If a level is used for rows, then the name of the level appears as the column title. For example:
If a dimension is used for rows, the name of the dimension appears as the column title. Also, the system uses an MDX function that gets the All member for the dimension, as well as all members of the first level defined in that dimension:
The Model Contents area displays every All member. For example:
In the Analyzer, users can drag and drop the All member, in the same way they can drag any other member.
The All member for one dimension is equivalent (except for its name) to the All member for any other dimension. If it has a suitably generic name, an All member is useful as the bottom line. For example:
If you find that you need to define multiple cubes to analyze one area of your business, consider the following points:
If you have a large number of cubes, relationships are often quite useful. Rather than defining the same dimension repeatedly in different cubes (with different definitions), you can define it in a single place. This is more convenient for development and lessens the amount of disk space that is needed.
Or define a utility method or routine that builds the cubes in the appropriate order. It is easier to maintain such a method as you add cubes than it is to manually rebuild them in the correct order.
Building related cubes in the wrong order can cause problems that are difficult to troubleshoot.
If you need pivot tables that display measures from multiple cubes, you must define shared dimensions and a compound cube. A compound cube is the only way to use measures together that belong to different cubes.
The following recommendations may also be useful to you, depending on your business needs:
Decide whether you will use dimensions directly in pivot tables. If so, assign user-friendly names to them (at least for display names).
If not, keep their names short and omit spaces, to enable you to write MDX queries and expressions more easily.
Also, use a different name for the dimension than for any level in the dimension, in order to keep the syntax clear, if you need to view or create MDX queries or expressions.

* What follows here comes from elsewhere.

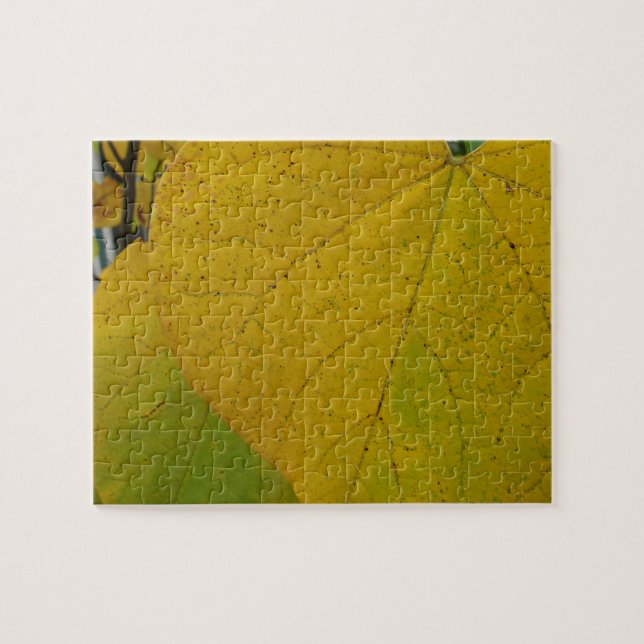 Quebra-cabeça Redbud Amarelo deixa fotografia do outono (Horizontal)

Hierarchy names are not visible in the Analyzer or in pivot tables. If you use short names (such as H1)
, your MDX queries and expressions are shorter and easier to read.
Define only one hierarchy in any dimension; this convention gives the users an easy way to know if the levels in a dimension are associated with each other.
Define an All member in only one dimension. Give this All member a suitably generic name, such as All Patients
. Depending on how you intend to use the All member, another suitable name for it might be Total
or Aggregate Value
Use user-friendly names for levels, which are visible in pivot tables.
You can have multiple levels with the same name in different hierarchies. Pivot tables and filters, however, show only the level name, so it is best to use unique level names.
Specify a value for the Field name in fact table
option for each applicable level and measure; this option does not apply to time levels, NLP levels, or NLP measures. Take care to use unique names.
It is much easier to troubleshoot when you can identify the field in which a given level or measure is stored, within the fact table.